SP before market opens 495/510

Edited

I also disagree with the allocation of the 2 items below to non underlying costs - They are very much (imo) a general cost of doing business. In particular (if I am reading correctly) write off of out of date stock.

?? Can any practicing accountant comment ?

Non-underlying costs GBPm GBPm
------------------------------------------------ ------ ------
Inventory provision (6.0) (2.8)
Goodwill and asset write-down (1.0) (1.3)

pugugly
08/3/2016
07:57
RNS trying to be positive but i think these are poor results.

Even on an underlying basis DIA currently on a PE of 40. Cash burnt was £1.9m during the year.

£5.5m in cash but then says "The closure of the Group's UK plant is announced today. We expect non-underlying costs in 2016 relating to the closure and the other strategic initiatives to be around £12m, with cumulative cost savings of approximately £12m over the next three years."

IMO they cannot keep burning cash and spend money on 'strategic initiatives' without raising money.

shaunstar
08/3/2016
07:19
Very overvalued is all I can say after those results, why on earth does the market give these a premium rating!
bookbroker
07/3/2016
22:04
IC...

Still alive an kicking then, cbuy have you ditched them.

beeezzz
07/3/2016
18:50
This is just a short squeeze - next leg down when the market turns, within 2 weeks now.
itchycrack
07/3/2016
18:35
Some perspective... This is a company worth £146m which is currently burning cash. Thats just too high despite the jam tomorrow thats been touted for quite some years now.

This plus broker appointment In Jan made me think money raise is going to happen.

Excited for tomorrows RNS :-)

shaunstar
07/3/2016
16:41
Well certainly a pop at the end of trade, results tomorrow; has news leaked regarding better than anticipated. You really have to be brave shorting this one with very few shares in circulation.

Fingers crossed we are over the worse.

beeezzz
29/2/2016
10:18
"When net debt has fallen from £8m last quarter to below £4m at the last trading update?"

That's quite interesting.
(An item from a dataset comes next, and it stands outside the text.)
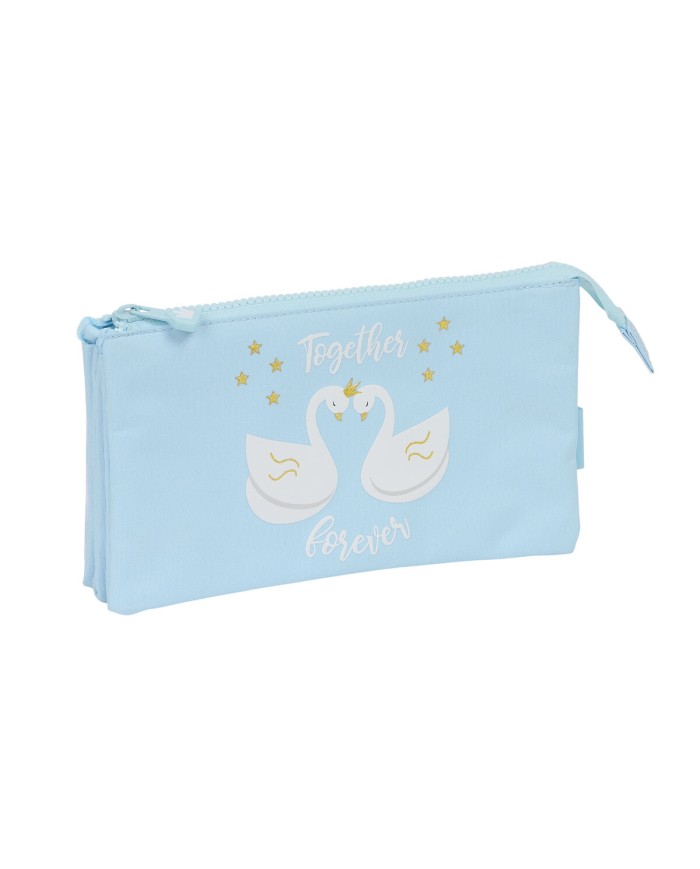 Portaoggetti Triplo Glow Lab Cisnes Azzurro Chiaro 22 x 12 x 3 cm Portaoggetti Triplo Glow Lab Cisnes Azzurro Chiaro 22 x 12 x 3 cm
How on earth did they do that?! As I have posted several times before, my concern about DIA was their ability to burn cash whilst apparently making 'profits' - moving from £15m net cash in 2013 to net debt of -£8m last reported period - and now they claim to have turned that round rather dramatically despite saying that they have incurred up to £5m exceptional cash costs in the period ("As anticipated, this fundamental transition in our operating model has led to significant exceptional costs. In aggregate, we have incurred exceptional costs in the range of £10 million to £12 million during the year of which approximately £7 million were non-cash costs"). Have they had a fundraising I missed? Can anyone throw any light on that?

jeffian
28/2/2016
17:52
"possibly requiring a fund raising."

When net debt has fallen from £8m last quarter to below £4m at the last trading update?

lol

duncan doughnut
28/2/2016
17:23
I think cash is going to be extremely tight, possibly requiring a fund raising. If i was the new CEO i'd do it and give myself the best possible footing to be judged on going forwards,

As a future long, maybe, but not just yet.
Shaun

shaunstar
26/2/2016
16:47
Longer term, perhaps, but it looks a nailed on short to me, short-term, coming into results that are going to show a sizeable loss and likely to show a challenging outlook.
effortless cool
25/2/2016
08:58
I am out
better opportunities elsewhere.
give a dog a bad name...............

cottlet
25/1/2016
09:03
Yep, bargepole situation here. Pity, as they made me £££;£ 2 or 3 years ago.
Switched to PAYS ("OPAY" at the time) which was lucky.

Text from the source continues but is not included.